Like expats themselves, their publications in Korea come and go.
But some manage to set down firm roots, and as the Three Wise Monkeys (3WM) blogzine approaches its first birthday in January, The Korea Herald met with its founding editors for a podcast interview.
The site (http://thethreewisemonkeys.com) has just undergone a re-launch, which has changed the header and layout but none of its original principles, even as the weekly, non-profit publication finds its appeal extending out as far as Myanmar and Sri Lanka.
With its origins in DDD ― Difficult Dirty Dangerous ― magazine, started in Daejeon in 2002, 3WM refers to the Buddhist maxim “see no evil, hear no evil, speak no evil,” which warns against allowing evil into your mind. The idea of the project being that if you accept an imperfect world, life becomes richer and less stressful.
“It’s kind of a thing for the underdog,” said Scott Liam Soper. “It goes back to living a cross-cultural life, as an expat living in a foreign country. It’s like a Bob Dylan song except no one in the mainstream media is running any stories that are equal to a Bob Dylan lyric,” he explained.

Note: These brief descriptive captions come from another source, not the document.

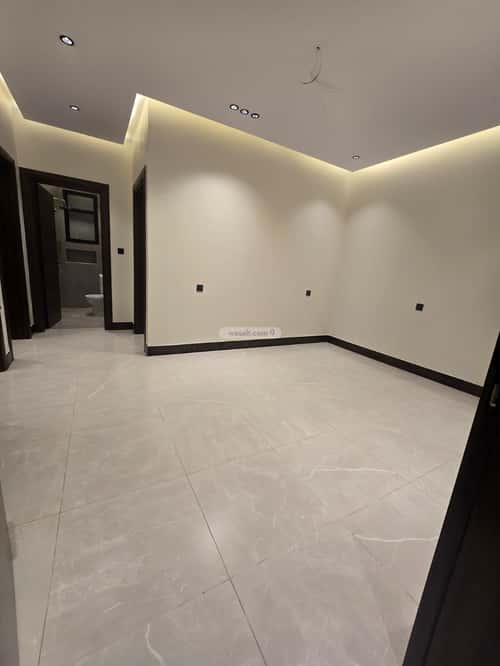 شقة 4 غرف في الروضة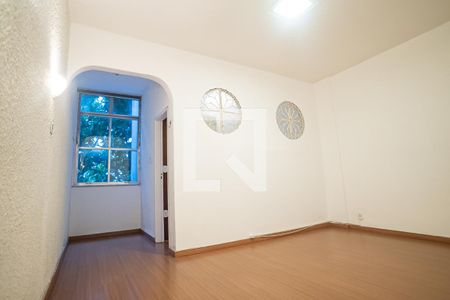 Sala de apartamento para alugar com 2 quartos, 67m² em Botafogo, Rio de Janeiro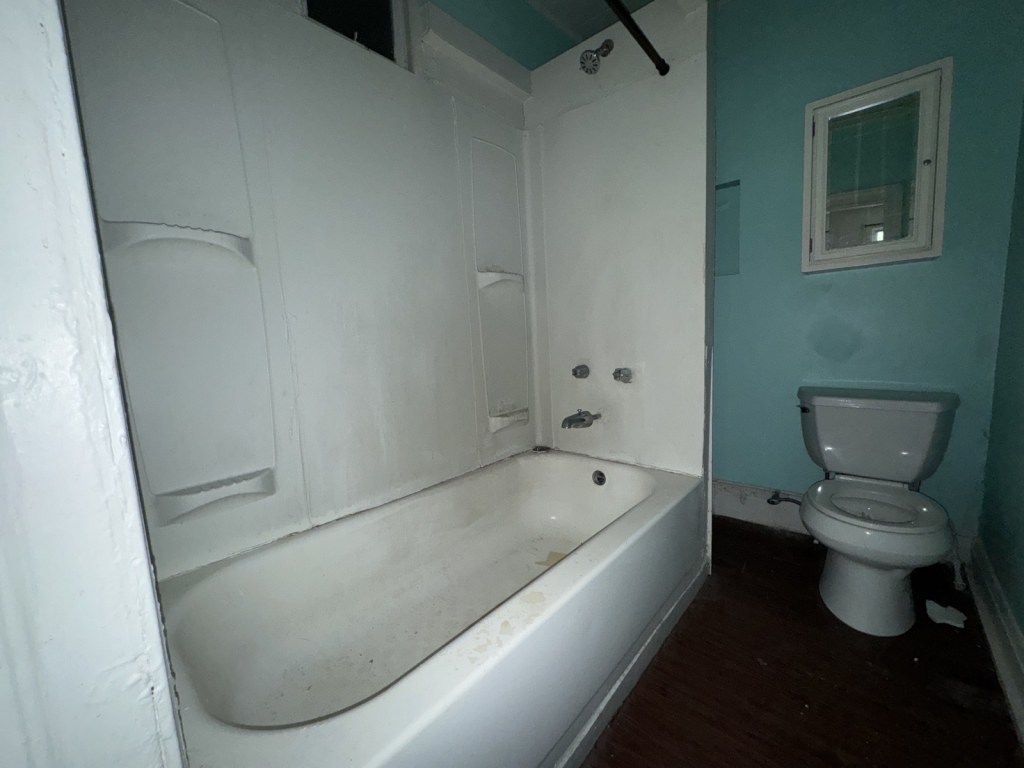1830 N St Louis Ave Property Photo 17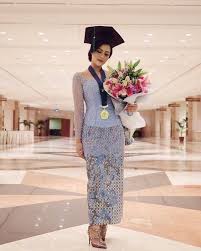 Batik couple keluarga banyak dicari karena bisa digunakan untuk menghadiri acara pernikahan acara keluarga ataupun dipakai saat hari raya i. 7 Model Kebaya Brokat Modern Yang Bagus Untuk Wisuda Womantalk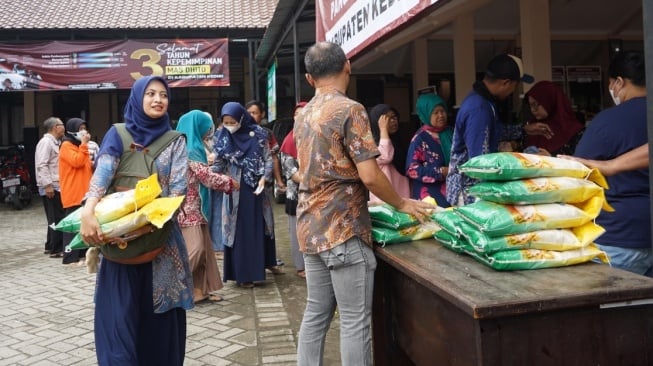 Tekan Laju Inflasi Jelang Idul Fitri, Pemkab Kediri Gencar Adakan Operasi Pasar Murah sesuai Arahan Bupati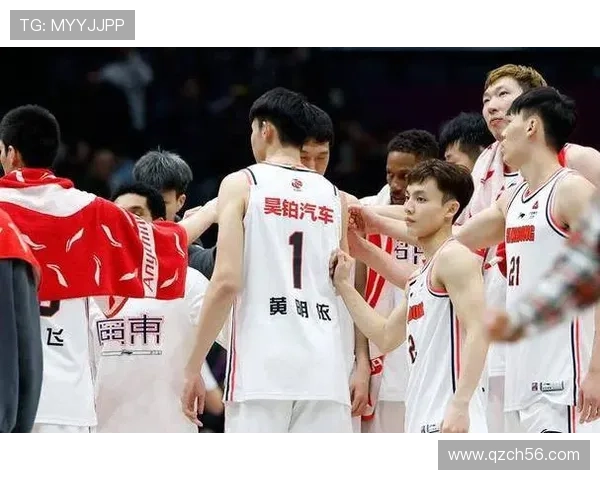 广州篮球队在世界杯预选赛中的团队协作表现分析与点评
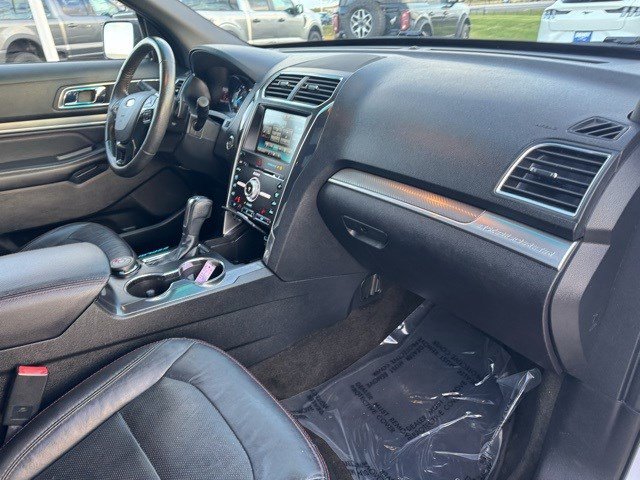Used 2016 Ford Explorer Sport image 41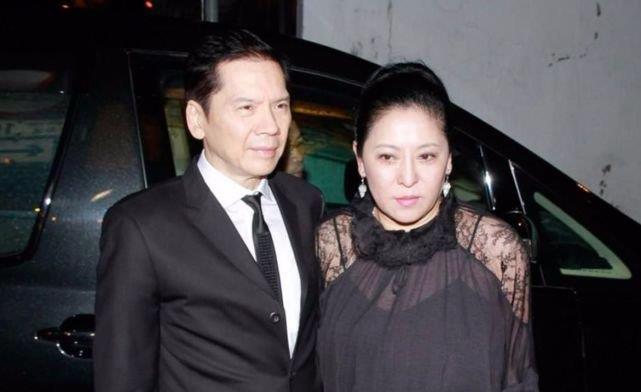 而向华炎的右边第二个看起来并不那么友好的小伙子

Soper ― who uses the monkey byline “Mizaru” on the site ― and John M. Rodgers ― “Iwazaru” ― are always looking for the “Third Wise Monkey.” That is to say people interested in offering content that may not be published via the standard channels, from the “cosmic” to the “mundane.”
The site has featured some eye-catching, sometimes controversial topics in the past, including pieces on image obsession, the sex industry and abusive relationships, at times sparking a barrage of comments from readers, but Soper and Rodgers are not just out for the shock factor.
Having submitted articles themselves before to the conventional press, the pair were disappointed to find that the essence of what they wanted to say had been “eviscerated.”
Rodgers emphasized the need for independence: “That’s one of those core things of journalism that we’ve always wanted to have.” 3WM attempts to give expats an “inside view” of life in Korea, it is “trying to get at stuff as it is,” said Soper.
But 3WM is a cross-cultural, collective endeavor, not about “us and them.” “We reach out all the time, that’s how a project like this gets built,” said Soper.
Although they will consider all ideas for submissions, they have a clear ethical line that ensures they do not get anyone in trouble, or “torch” anything.
Whilst Soper and Rodgers do not agree on everything relating to the project ― Rodgers the more cautious of the two, Soper more keen to get a reaction ― they work well together. Soper’s artistic vision and “ninja marketing” approach toward publicity are complemented well by Rodgers’ calmer stance and meticulous attention to detail.
Although plans to produce the publication as a print magazine have been floated, the pair are mostly focused on not becoming complacent, reaching more people online and getting better at what they do.
“To get something right, to do something well,” said Soper, “that’s almost a means to its end, its own punctuation.”
The new header, where the 3WM logo is permanently on the left and the artwork can be seen in its entirety when scrolled over, represents their “feet on the ground” attitude, said Scott.
They both agree that the site has not changed much, but, said Soper, “its grown up.”
“It was a bit traumatic when we first started,” said John, “now it’s a bit more natural.” With the hundreds of submissions already received and ever-increasing readership, it would seem others are inclined to agree.
Both editors are keen to keep the contributions flowing ― from poetry and fiction to reportage, travel and reviews ― but say they could particularly use someone adept with social networking media.
They want to do more bilingual work in the future, particularly regarding coverage of the Gay Lesbian Bisexual Transgender (GLBT) scene in Korea. Also, they plan to visit the DMZ with North Korea campaigners who distribute leaflets there. They also hope to publish more student writing.
“You can’t just go around blind, deaf and dumb to everything and just think ‘I’m OK, you’re OK, let’s get laid, let’s get drunk, let’s make money,'” said John.
They plan to continue their role as a voice for people on the “fringes” who they believe have the most interesting things to say.
“It’s the pursuit of truth and beauty,” summarized Soper.